Dans le cercle des vainqueurs sur les trois grands Tours
«Quand je suis parti dans l’échappée et que j’ai vu que les autres équipes ne venaient pas me chercher, je me suis dit que c’était une bonne opportunité» , appréciait-il. Il s’était ainsi employé à plusieurs reprises pour écrémer un groupe de fuyards trop fourni. Puis dans le puerto del Viento, à plus de 60 km du terme, il était parti en doublette avec Gijs Leemreize (DSM-firmenich PostNL), qu’il allait planter plus loin, sur les pentes arides, chauves du puerto Martinez, dans la descente duquel Adam Yates allait chuter pour laisser encore plus de 2 minutes à l’arrivée sur les autres favoris. «Dans la dernière montée, je pensais juste à combien de temps je pouvais prendre au général, parce que je savais déjà que j’allais gagner l’étape» , racontait le nouveau maillot rouge.
Depuis le Giro, O’Connor s’était concentré sur la Vuelta, son deuxième grand objectif de la saison, où il espérait remporter une étape qui, après ses victoires à Madonna del Campiglio dans le Giro 2020 et à Tignes dans le Tour 2021, le propulserait dans le cénacle des vainqueurs sur les trois grands Tours. «J’avais vraiment ça en tête, reconnaissait-il, c’est sans doute une question d’ego, mais avant la course, je regardais la liste de ceux qui l’avaient fait.» Il est désormais le 111e. Mais son exploit d’hier a dépassé ses attentes. «C’est une opportunité incroyable, analysait-il. Je n’ai pas vraiment de pression, j’ai gagné une étape, j’ai le maillot. Peut-être que je peux gagner cette Vuelta. C’est un bon avantage à avoir, je ne suis pas trop mal sur les longues montées, c’est même plutôt ma spécialité. Évidemment, on ne pensait pas qu’on mènerait cette course, ce sera une nouvelle expérience pour nous, mais je ne pense pas plus loin que ça pour le moment.»
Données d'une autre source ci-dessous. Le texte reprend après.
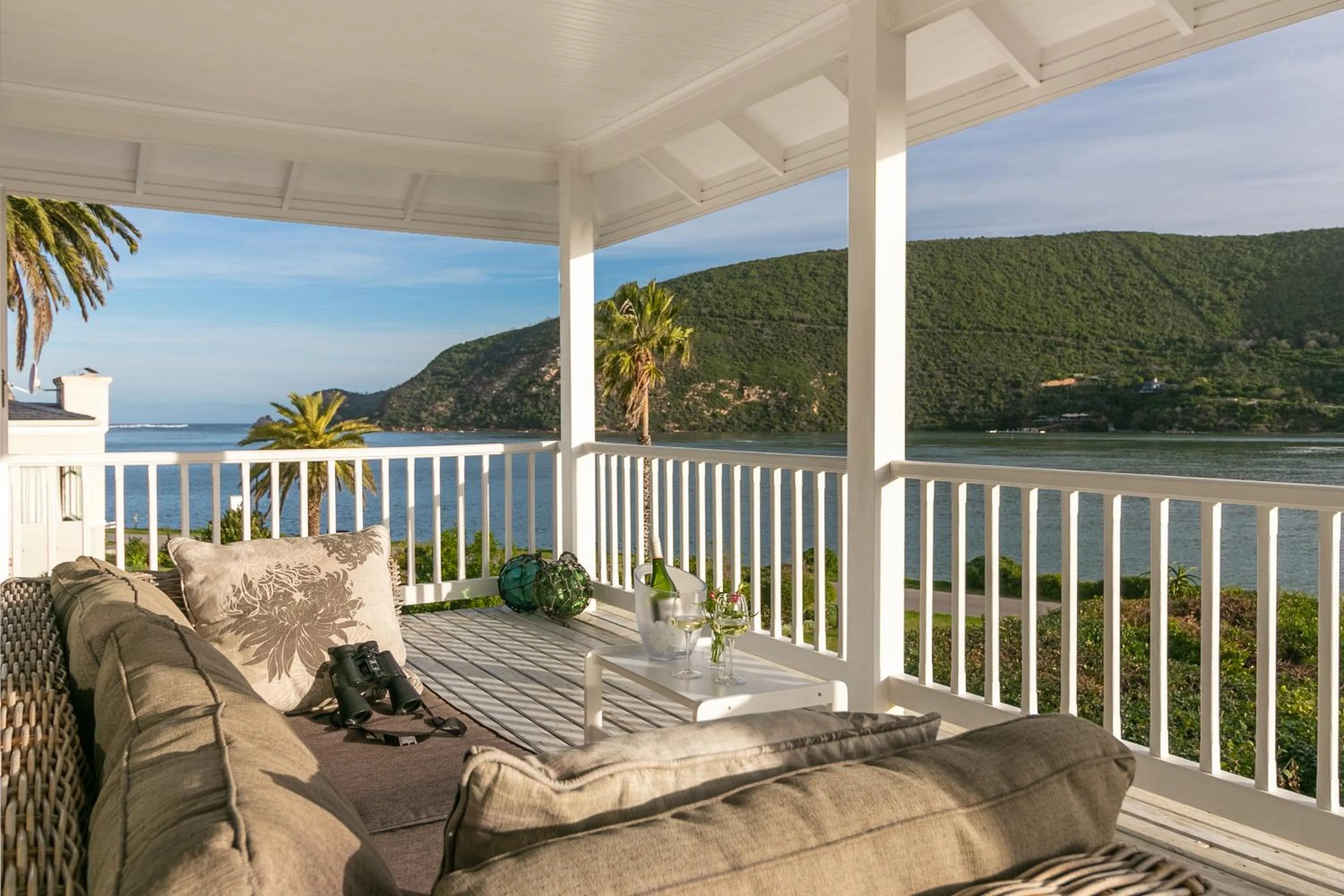 View (from property/room) in The Knysna Belle Guest House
Avec Felix Gall, Valentin ParetPeintre, Clément Berthet, 4e de l’étape hier, Bruno Armirail, entre autres, il va pouvoir compter sur un bataillon solide.
Sur le Tour 2021, O’Connor avait remporté la 9e étape avec 6 minutes d’avance sur les favoris. Il avait alors été propulsé à la 2e place du général, mais il avait su s’accrocher, pour terminer 4e à Paris. Mardi, il avait perdu 1’11’’ sur Roglic, mais il avait notamment mis ça sur le compte de la chaleur. Un petit air de pessimisme flottait ainsi dans l’aire d’arrivée. Wout Van Aert estimait que «certaines équipes avaient clairement sousestimé» Ben O’Connor. Son leader Sepp Kuss soufflait : «Ça va être dur de le reprendre.»
Un scénario qui rappelait un peu au vainqueur 2023 son échappée victorieuse de l’an passé, déjà sur la 6e étape, qui ne lui avait pas offert autant de temps mais l’avait mis dans une position avantageuse. Dans tout cela, la formation française, toujours 6e au classement mondial, a renoué avec la victoire en World Tour pour la première fois depuis le Giro, après un Tour en deçà des attentes. Les sourires étaient de sortie, alors qu’en interne, une procédure de licenciement aurait été ouverte contre le patron historique, Vincent Lavenu, comme nous le révélions mercredi. De ça, Ben O’Connor, qui va lui-même quitter l’équipe à la fin de la saison pour Jayco-Alula, n’a pas voulu parler. « Je veux juste profiter de mon maillot rouge» , a-t-il éludé.